OK, your analogy is not applicable to my point.
You missed all my major points.
Re your critique [bolded above], "there is 'transference' from amoral to morality."
I have addressed this point in the other thread, i.e.
- P1. Morality = principles concerning the distinction between right and wrong or good and bad behaviour or activities.
P2. Breathing is a human activity and behavior
C1. Therefore breathing is relevant [subsumed] within Morality.
Re choosing to commit suicide in an isolated island.
"A person ought not to commit suicide" is a secular objective absolute moral law.
This absolute moral law should only be used as a GUIDE only within a Moral Framework. It should NEVER be enforced.
Now if any one committed suicide in an isolated island, this meant he was a statistics as a variance [negative 1] to the GUIDE.
Thus humanity as GUIDED need to investigate the variance why the person committed suicide and find solutions to prevent it.
What is critical here is, it is only because there is a GUIDE, i.e. a standard to be measured against that triggered investigation, else suicide would be accepted as a norm and no investigation would be done.
If suicide is accepted as normal [not immoral] and no investigation is done, there could be a root cause that could be missed which eventually can cause more suicides, then mass suicides and possibly total suicide of the human species triggered by some parasites.
The point is that morality requires 'goals' based upon ideals that relate to more than one person.
So you are the one who requires explaining how you link the idea of morality as you define, "principles concerning the distinction between right and wrong or good and bad behaviour," relates to the abstraction layer of evolution that only deals with "survival versus non-survival".
...
Note my argument here on how I deduced from empirical "is" to a moral ought with sound arguments;
viewtopic.php?p=445699#p445699
Note the starting point is;
how to improve the right and good human behavior so correspondingly to reduce the bad and evil acts.
The efficient method is to introduce a model, i.e. a framework of morality that is guided by secular moral oughts justified from empirical evidences.
The alternative is no proposed efficient model or framework of morality, thus left to the wind to blow morality to wherever it goes.
And since you are talking about a GOAL that relates to behaviors between people, you are necessarily moving into the realm of 'politics'. Your 'empirical' expectation is not about morals but about seeking "minimal necessities for survival of the human species of goals we agree to are shared". We all need air to breathe.
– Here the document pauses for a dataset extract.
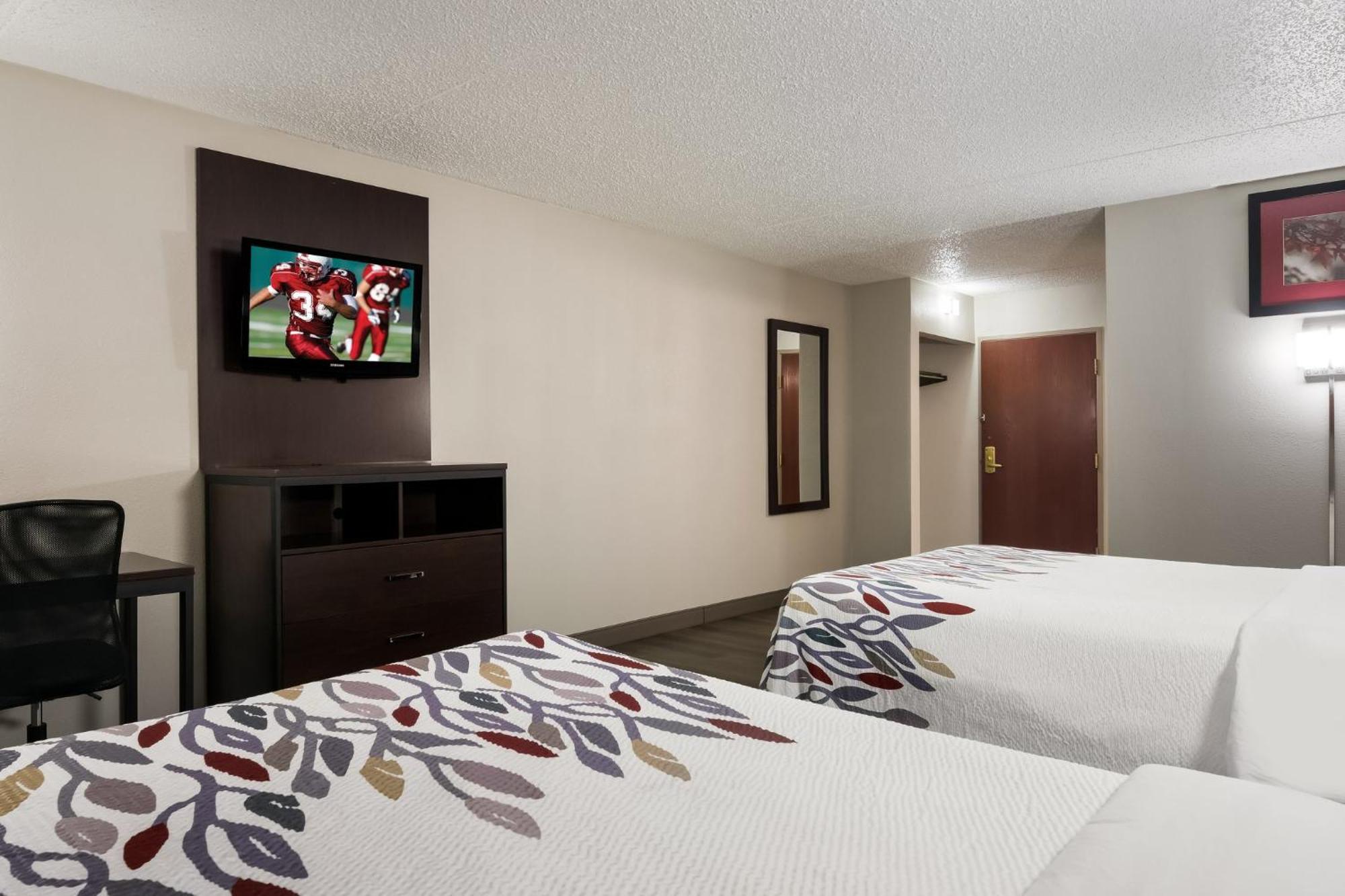 Red Roof Inn Hartford- New Britain Extérieur photo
IF we agree that each person deserves to live regardless of who they are, AND since air is needed for all humans, THEN we should act to assure our air is breathable.
That is a political goal based upon negotiating agreement to the CONDITIONS. That condition that needs to be negotiated is to whether we "agree that each person deserves to live regardless of who they are".
Nah, you missed my point again.
I stated secular objective absolute moral laws are merely a GUIDE only and not to be enforced.
Note they are ideals as GUIDEs ONLY, thus cannot be a Goal to be achieved or enforced.
Ideals are in generally impossible in practice, thus ideals as goals is an oxymoron.
In politics goals are set and enforced.
Therefore Politics [goal oriented] cannot be conflated with Morality.
Note I mentioned Ethics, i.e. the Applied where goals can be set in alignment [i.e. parallel] with the moral GUIDEs.
Let me know, if I missed any of your points.